The Mary Seacole programme is aimed towards clinical and non-clinical colleagues who are moving towards their first recognised leadership or team management role and want to do more to champion compassionate patient care.
It’s delivered through a combination of face to face and online learning to fit around the realities of our busy lives. Here are some reasons to submit your application:
1. It’s highly relevant to actual situations and can be applied in the workplace
A set of new tools or information alone won’t help you achieve change in your organisation; the programme provides learning and support delivered in the context of the challenges we regularly face every day and is firmly grounded in reality.
The programme has also been improved in line with participant feedback to include more practical management skills training such as finance and HR fundamentals like recruitment and selection and sickness absence.
This type of training isn’t included in much of the clinical or academic learning on offer. Being absolutely tailored to the NHS, participants told us that the programme materials were highly relevant to actual situations, allowing for almost immediate application in the workplace.
2. Feel more confident in your leadership skills
Many of our participants sign up to the programme thinking they can’t be a leader because they don’t ‘fit the mould’. One participant said: “I always thought a leader had to be someone who was charismatic, had a loud voice and had to be heard.”
The Mary Seacole programme will free you of your preconceptions of leadership and encourage you to look within yourself for the right leadership style, rather than comparing yourself to others. It does this by increasing your awareness of yourself and your abilities, enabling you to more clearly identify:
- Which styles fit your strengths
- Your emotional intelligence and how best to use it
- How your behaviours might impact on others
One clinical midwife commented: I’ve become more confident in conflict negotiation and chairing difficult and sensitive meetings. This in turn has helped me lead my senior team with more conviction and confidence which in turn has helped improve patient care.”

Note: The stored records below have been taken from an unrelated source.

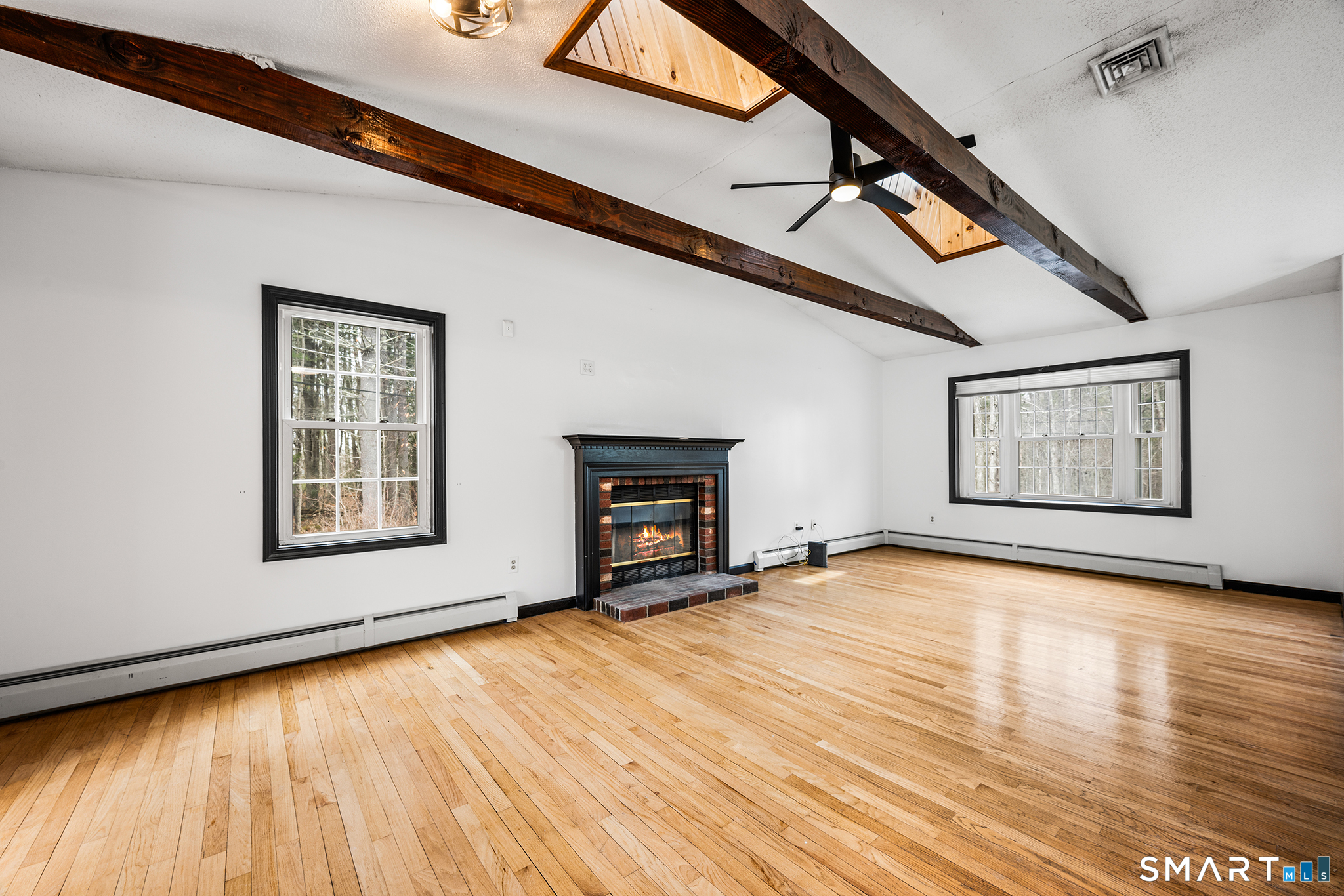 Homes for sale in Thompson, CT | 75 Elmwood Hill Rd, Thompson, CT 06277 | MLS# 24160592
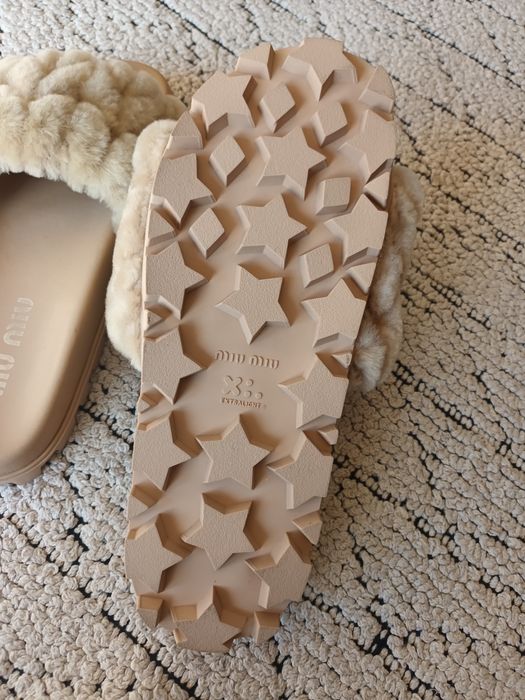 Miu Miu чехли два модела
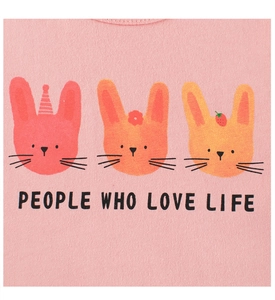 Détail d'un t-shirt rose pour enfant avec motifs de lapins et texte People Who Love Life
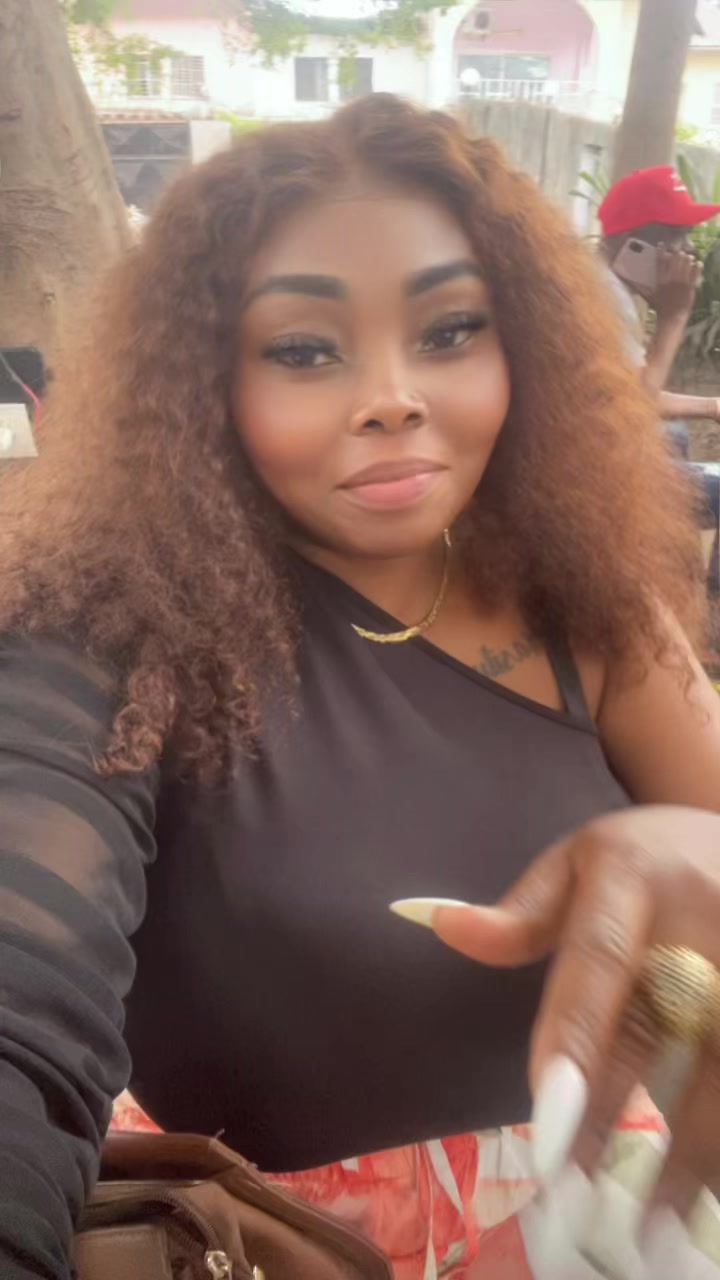 @LISA DIASILUA TV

3. Increase your self-awareness and be more aware of your colleagues
Leadership in healthcare – whether formal or informal – requires the ability to understand our own emotions and those of others. That’s because working in healthcare often evokes strong emotions, whether they come to the surface or not. Effective leaders know that engaging with the emotional life of workplaces gets results.
This programme will help you see that emotion is not a weakness; and goes a step further by showing you how it can be transformed into an asset.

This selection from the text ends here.